Orgeneral Özel’in uzun konuşmasındaki bazı bölümler önümüzdeki döneme ilişkin çok önemli mesajlar içeriyor.
Türk Silahlı Kuvvetleri’nin (TSK) başındaki isim -mealen- ‘Üniforma bize bir ayrıcalık sağlamıyor. Bizler de, siviller gibi, bu ülkeyi yöneten seçilmişlerin emrinde çalışan bürokratlarız’ diyor.
Belki tam olarak bu sözcüklerle değil, daha farklı ifadelerle ama sonuç olarak, verdiği açık mesaj bu Necdet Özel’in.
(...)
Rutin seminer, ‘özel’ mesajlar
(...) yine mealen...
- Komutanların da siviller gibi bu ‘devletin bürokratları’ olduğunu söylüyor Özel...

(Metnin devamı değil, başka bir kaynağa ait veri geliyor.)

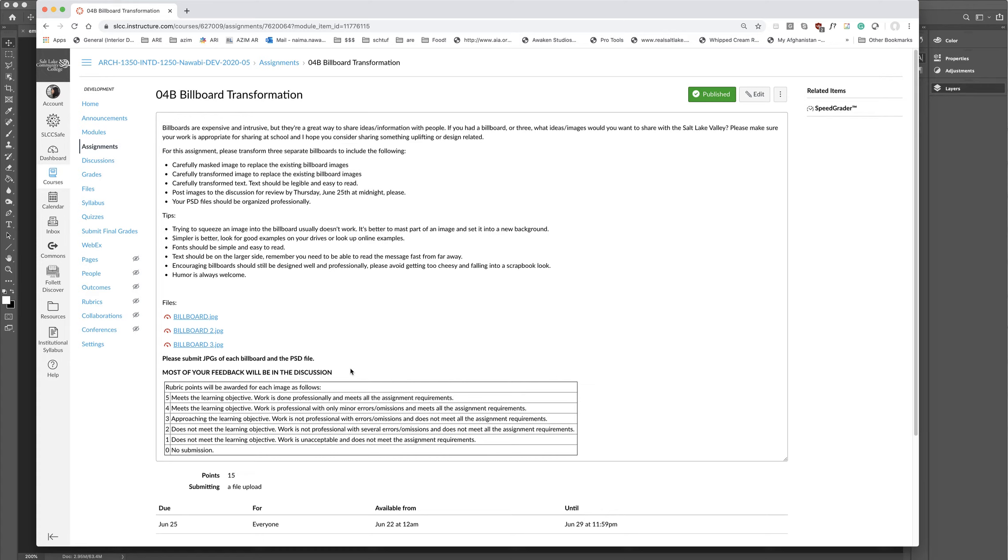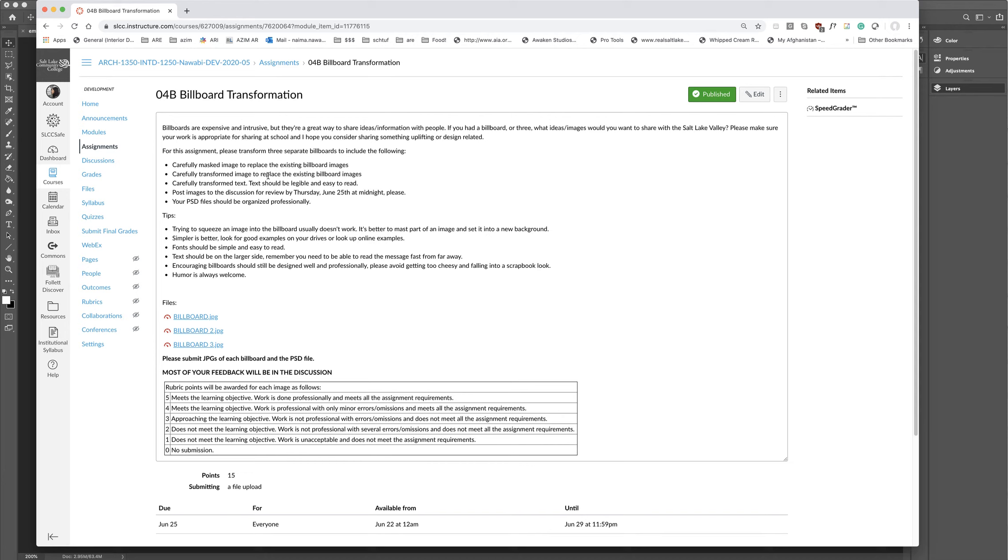Now with these billboards, I want to make sure that everything is carefully masked, that you have transformed them and used the vanishing point to make sure you get the correct perspective for all images and texts that you put on. And in addition to that, please make sure that your billboards are appropriate for everybody in the school and the valley to see. I hope you consider sharing something uplifting or design related. Humor is always welcome.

- Üniformalı olmanın ayrıcalıklı olmak anlamına gelmediği mesajını veriyor.
Org. Özel; aynı sivil atanmışlardan oluşan diğer kurumlar gibi TSK’nin de, ülkeyi yöneten ‘seçilmişlerin emrindeki görevliler’ olduğunu hatırlatıyor.
(...)
Org. Özel, astlarına kamuoyunda farklı algılamalara yol açabilen eski dönem alışkanlıklarından artık vazgeçilmesi gerektiği mesajını veriyor aslında.
(...)
Konuşma bittiğinde, Necdet Özel’in görev süresi boyunca, siyaset kurumuyla gerginlik yaşamak istemediği izlenimi oluşuyor salondaki katılımcılarda.

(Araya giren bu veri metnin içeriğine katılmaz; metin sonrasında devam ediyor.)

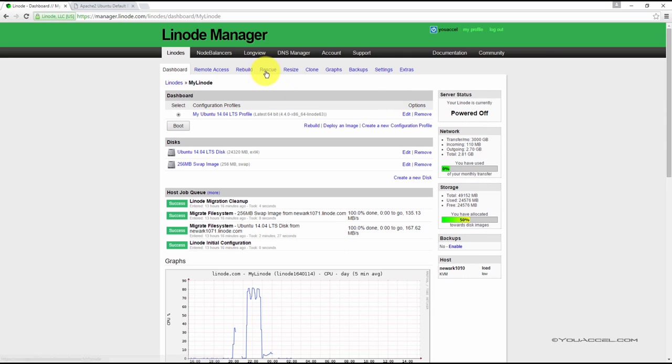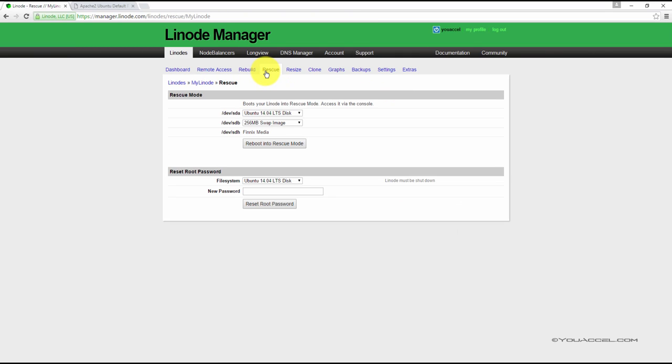Next, click on Rescue. Under the heading Reset Root Password, type a new password and click the Reset button.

Söylemeden söylemek formülü
(...) benim yukarıdaki konuşmadan (ve tabii dinleyenlerin algısından) anladığım şudur:
Yeni Genelkurmay Başkanı askerin;
- Güncel siyasi gündem ve polemiklerden tamamen uzak durmasını,
- Konsantrasyon, mesai ve gücünün tümünü terörle mücadele ve ulusal güvenlik konularına kanalize etmesini,
- Cumhurbaşkanlığı, TBMM ve hükümet ile gerginlik yaşamamasını,
- Geçmişte zaman zaman sergilenen, ‘Bu ülkenin, bu cumhuriyetin asıl (hatta tek) sahibi biziz’ psikolojisinden tamamen arınmasını istiyor ve hedefliyor.
Ama tüm bunları hayata geçirirken, devletin bütün sivil organlarının da başında bulunduğu kuruma yani TSK’ya tam manasıyla sahip çıkmasını yine istiyor ve hedefliyor.
Yani aslında olması gerekeni.
İşin özü, benim anladığım kadarıyla bu.”
NOT:
Bu yazı, bu sütunda, neredeyse 2 yıl önce yayınlandı.
6 Ocak 2012 tarihinde, “Necdet Özel’in 19 Kasım mesajları” başlığıyla. (http://haber.gazetevatan.com/Haber/422347/1/Gundem )
ÖNEMLİ NOT:
Genelkurmay Başkanı Özel, bu yılki oryantasyon seminerlerinin ilkinde de (26 Ağustos 2013) terfi eden 150 dolayında general ve amirale hitaben yine benzer bir konuşma yapmış.
Hatta askeri kaynaklardan aldığım bilgiye göre Özel, ‘anayasal / yasal çerçevede kalma ve hukuka saygı’ hususlarını yine vurguladığı iki ay önceki bu konuşmasında, yukarıdakilere ek olarak şu iki dikkat çekici uyarıda da bulunmuş:
1) Şahsi işlerinizde devlet imkânlarını kullanmayın.
2) Eşlerimiz askeri personel ya da bizim gibi devlet memuru değildir.
KEŞKE...
İki yıl önce yazdığımız yazıları hatırlatmak zorunda kalmasak.